Transcript By: Bryan Bishop

Category: Conference

Anton Yemelyanov

Introduction

slides: https://tokyo2018.scalingbitcoin.org/presentations

Welcome to scaling bitcoin. This is an international conference. We run the event every year in a different geographical location. We run this event as a strictly academic and engineering conference. The mentality that we take behind the event is think global, act local. It’s a well known bitcoin additive. Our goal is to stimulate the bitcoin ecosystem. The best way to do this is to stimulate the engineering community, because that’s what drives this magnificent technology for the last almost 10 years now.

What we’re trying to do is have through this stimulation of the ecosystem, we’re trying to get all the local developers together in one place. We try to bring developers from all around the world to encourage and build new bridges of cooperation and relationships.

I’d like to open the conference. There’s one important note. Please familiarize yourself with the code of conduct on the website. There are no photographs allowed at this conference. You may take pictures of the presenters, though. The event is livestreamed on youtube. Media is allowed to take pictures from the rear of the conference with the strict instruction that there are no faces and no content on computers, just overview pictures. Other than that, please don’t use your phones.
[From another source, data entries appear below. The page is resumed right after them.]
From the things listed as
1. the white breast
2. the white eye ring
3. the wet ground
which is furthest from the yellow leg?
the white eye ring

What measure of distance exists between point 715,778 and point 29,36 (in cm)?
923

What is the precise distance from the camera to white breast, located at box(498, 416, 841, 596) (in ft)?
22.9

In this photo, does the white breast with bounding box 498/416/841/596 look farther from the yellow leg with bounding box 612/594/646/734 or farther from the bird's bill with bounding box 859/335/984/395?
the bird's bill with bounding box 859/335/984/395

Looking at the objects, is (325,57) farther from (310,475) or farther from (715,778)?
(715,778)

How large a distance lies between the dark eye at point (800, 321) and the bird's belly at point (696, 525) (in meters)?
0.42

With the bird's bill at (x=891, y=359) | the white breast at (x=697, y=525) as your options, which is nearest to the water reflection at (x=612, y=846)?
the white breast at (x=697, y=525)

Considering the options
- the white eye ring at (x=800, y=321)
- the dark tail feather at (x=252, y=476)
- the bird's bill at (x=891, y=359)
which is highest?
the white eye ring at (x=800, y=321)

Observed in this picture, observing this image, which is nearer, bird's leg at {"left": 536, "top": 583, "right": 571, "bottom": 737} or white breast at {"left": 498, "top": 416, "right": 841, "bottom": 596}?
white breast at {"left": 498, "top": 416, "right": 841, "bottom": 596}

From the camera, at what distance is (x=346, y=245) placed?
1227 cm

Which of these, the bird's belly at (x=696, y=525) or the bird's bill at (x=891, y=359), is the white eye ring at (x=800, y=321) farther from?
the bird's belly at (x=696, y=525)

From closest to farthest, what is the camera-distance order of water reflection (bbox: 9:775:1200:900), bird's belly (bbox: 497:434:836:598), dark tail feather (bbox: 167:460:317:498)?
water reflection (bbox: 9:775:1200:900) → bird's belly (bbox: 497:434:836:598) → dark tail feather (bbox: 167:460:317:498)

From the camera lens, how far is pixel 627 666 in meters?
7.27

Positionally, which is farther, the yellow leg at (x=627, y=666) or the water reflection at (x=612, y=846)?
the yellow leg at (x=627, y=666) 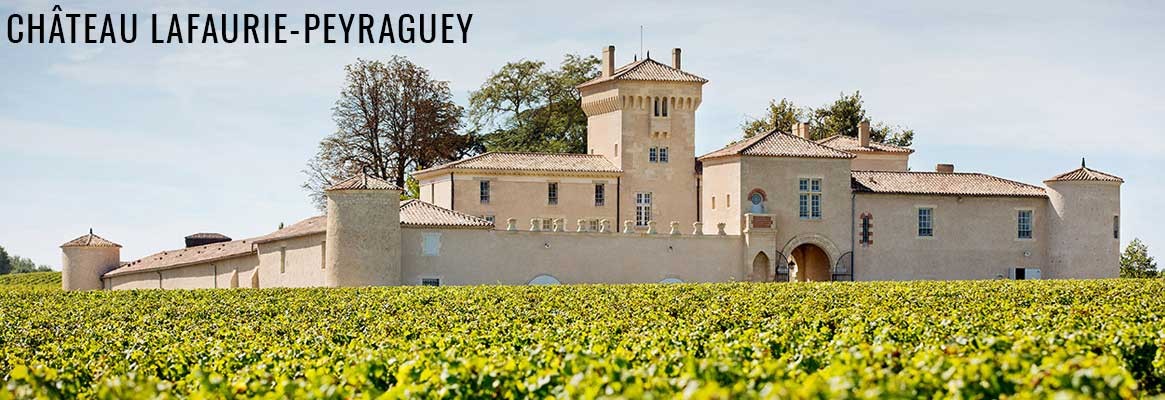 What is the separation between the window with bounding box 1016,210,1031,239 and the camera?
59.6m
Every year, we’re hosted by a local bitcoin community. This year our host is DG Lab, which is a magnificient company doing really amazing work in bitcoin and layer 2 and application development based on blockchain technology such as lightning and a lot of really interesting and amazing people throughout the organization of this event that I got to meet. It’s one of the strongest geographical location or countries in bitcoin. Japan is itself as a country is one of the most progressive countries has very high rate of adoption of technology and a lot of research. If you look at some of our sponsors, there’s really a large number of companies who are heavily involved in cryptography and development of this technology.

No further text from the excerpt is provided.